ECLI:NL:GHSHE:2006:BI3286

Gerechtshof 's-Hertogenbosch

Datum uitspraak
29 augustus 2006
Publicatiedatum
5 april 2013
Zaaknummer
HD 103.002.577
Instantie
Gerechtshof 's-Hertogenbosch
Type
Uitspraak
Rechtsgebied
Civiel recht
Procedures
  • Hoger beroep
Rechters
  • B. Bod
  • A. Huijbers-Koopman
  • M. de Klerk-Leenen
Vindplaatsen
  • Rechtspraak.nl
AI samenvatting door LexboostAutomatisch gegenereerd

Uitleg en nietigheid van een samenwerkingsovereenkomst met betrekking tot een octrooi

In deze zaak, die voor het Gerechtshof 's-Hertogenbosch werd behandeld, ging het om een samenwerkingsovereenkomst tussen partijen [X.] en [Y.], waarbij [X.] een octrooi diende in te brengen in de vennootschap '[Z.] B.V.'. [X.] had de procedure aangespannen om uitleg te krijgen over de samenwerkingsovereenkomst en stelde dat hij het octrooi niet hoefde in te brengen. De rechtbank had eerder alle vorderingen van [X.] afgewezen, waarna hij in hoger beroep ging.
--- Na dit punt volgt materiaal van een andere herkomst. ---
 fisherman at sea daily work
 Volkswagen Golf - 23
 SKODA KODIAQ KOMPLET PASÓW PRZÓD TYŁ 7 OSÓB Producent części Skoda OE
Het hof oordeelde dat de wet niet voorziet in een incidentele vordering zoals door [X.] was ingediend. De verwijzing naar het gerechtshof te 's-Gravenhage werd afgewezen, omdat er geen procedure aanhangig was bij dat hof. Het hof stelde vast dat de kwestie van de samenwerkingsovereenkomst en de uitleg daarvan onder het Burgerlijk Wetboek valt en niet onder de Rijksoctrooiwet 1995.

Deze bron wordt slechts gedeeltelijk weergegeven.